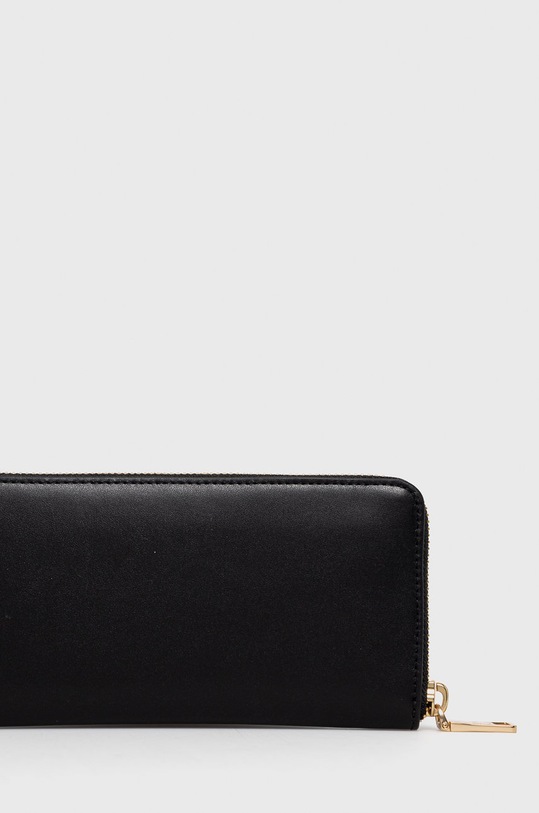 Akcesoria Coach portfel skórzany 73738 73738 czarny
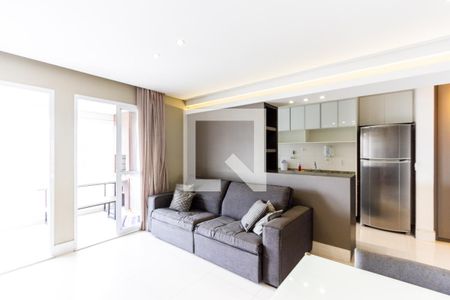 Sala de apartamento para alugar com 2 quartos, 83m² em Barra Funda, São Paulo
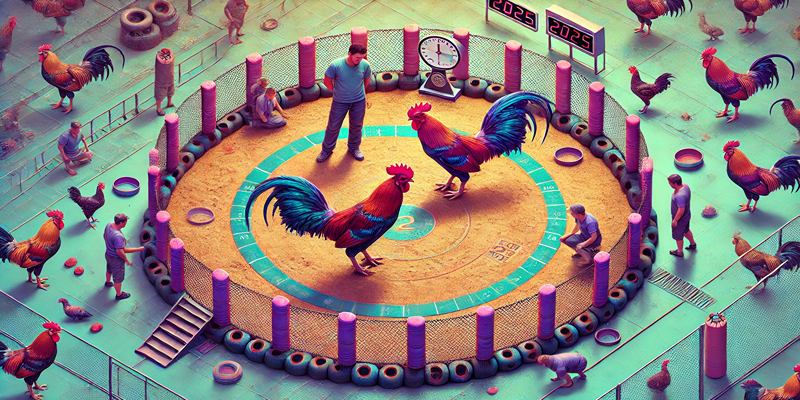 Quy tắc thi đấu đá gà chọi 2025 đảm bảo tính công bằng và minh bạch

• • •

When copying, output the data exactly and leave out the pictures.

> _Reply_:
 Akcesoria Coach portfel skórzany 73738 73738 czarny
 Sala de apartamento para alugar com 2 quartos, 83m² em Barra Funda, São Paulo
 Quy tắc thi đấu đá gà chọi 2025 đảm bảo tính công bằng và minh bạch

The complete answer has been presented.